Bischof Chalupka: "Es darf nicht 'normal' werden, sich den Tod mithilfe eines anderen oder gar durch einen anderen geben zu lassen"
Wien, 23.09.2020 (KAP) Der evangelische Bischof Michael Chalupka und die evangelische Diakonie haben sich am Mittwoch in einer Aussendung für die Beibehaltung des Verbots der aktiven Sterbehilfe ausgesprochen. "Es darf nicht 'normal' werden, sich den Tod mithilfe eines anderen oder gar durch einen anderen geben zu lassen", so Chalupka gegenüber dem Evangelischen Pressedienst. Auch Beihilfe zum Suizid solle nicht zum gesellschaftlichen Normalfall werden, etwa indem Vereine Suizidhilfe anböten. Jedoch seien Gewissenskonflikte ernst zu nehmen, in denen sich sowohl Angehörige, Ärztinnen und Ärzte, aber auch Sterbewillige befänden.
"Angesichts dieser moralischen Tragik braucht es eine offene Diskussion über rechtliche Regelungen, die dem Gewissen Spielraum lassen und für dramatische Ausnahmefälle Möglichkeiten der Straffreiheit vorsehen", so Chalupka. Zwar könne Beihilfe zum Suizid nach evangelischer Überzeugung kein Rechtsanspruch sein, der sich an den Staat oder gar an Dritte richtet; jedoch gebe es existentielle Konfliktfälle, in denen Barmherzigkeit bei aufrechtem Verbot der Beihilfe zum Suizid gefragt sei. "Deshalb soll nach juristischen Wegen gesucht werden, wie in einzelnen extremen Fällen der Barmherzigkeit Genüge getan werden kann."

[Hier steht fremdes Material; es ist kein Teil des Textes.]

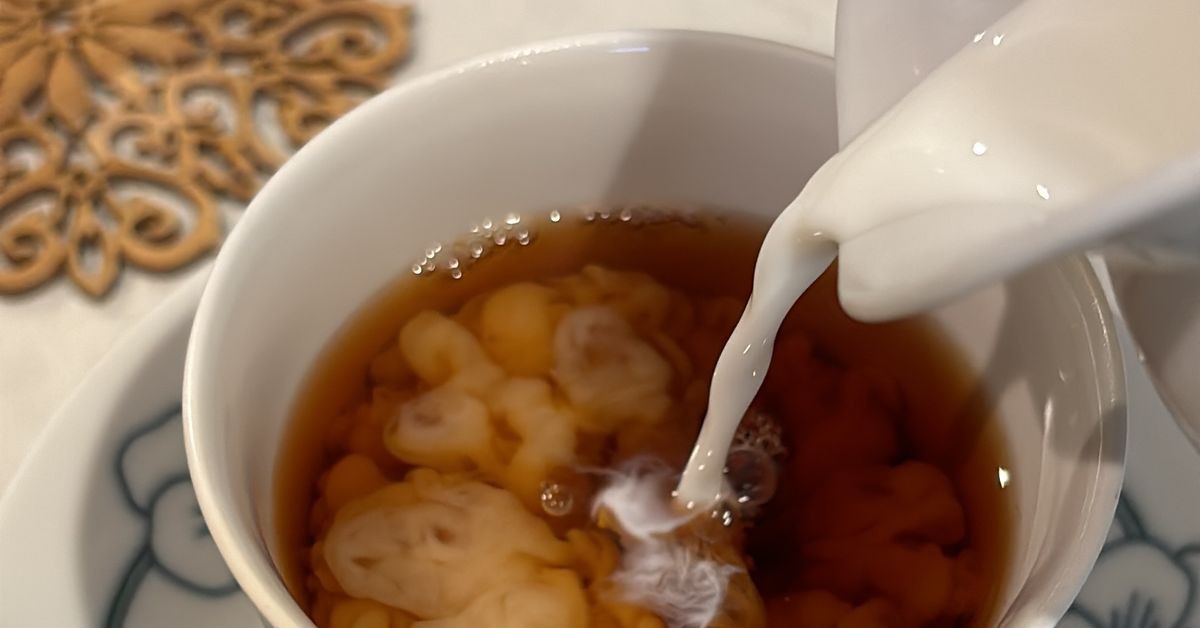 Người đàn ông 24 tuổi đột nhiên mù lòa, bác sĩ chỉ đích danh “thủ phạm” là loại nước hiếm người trẻ nào không mê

Für Donnerstag hat der Verfassungsgerichtshof (VfGH) zum Thema Sterbehilfe bzw. Suizidbeihilfe in Wien eine öffentliche mündliche Verhandlung angesetzt. Dabei geht es um vier beim VfGH mit Unterstützung des Schweizer Sterbehilfe-Vereins Dignitas eingebrachte Anträge, wonach die bestehenden Paragrafen 77 und 78 des Strafgesetzbuches - es geht dabei um "Tötung auf Verlangen" und "Beihilfe zum Suizid" - gelockert werden sollen. Das Thema stand schon im Juni auf der Agenda des VfGH, wurde dann aber auf den Herbst verschoben. Zuvor hatte in Deutschland im Februar das deutsche Bundesverfassungsgericht das Verbot der "geschäftsmäßigen Beihilfe" zum Suizid gekippt.
Palliativversorgung und Suizidprävention
"Gerade, weil die Selbstbestimmung von Menschen am Ende ihres Lebens ernst genommen werden soll, müssen die Bedingungen so sein, dass Menschen die existenzielle Herausforderung des Sterbens gut bewältigen können", forderte am Mittwoch Diakonie-Direktorin Maria Katharina Moser. Gesellschaft und Staat stünden in der Verantwortung, durch gute flächendeckende Palliativversorgung und Suizidprävention Bedingungen zu schaffen, die Menschen "wirkliche Optionen eröffnen und sie nicht in Sterbewünsche drängen".
Moser kritisiert in diesem Zusammenhang das Ausbleiben des Vollausbaus der Hospiz- und Palliativversorgung, der 2015 von einer parlamentarischen Enquete-Kommission angekündigt worden war, aber ebenso wie die Überführung der Hospiz- und Palliativeinrichtungen in die Regelfinanzierung immer noch ausständig ist. Im Ruf nach selbstbestimmtem Sterben klinge neben der Angst vor unerträglichem Leid oft auch die Angst vor Pflegebedarf und Abhängigkeit mit, so Moser weiter.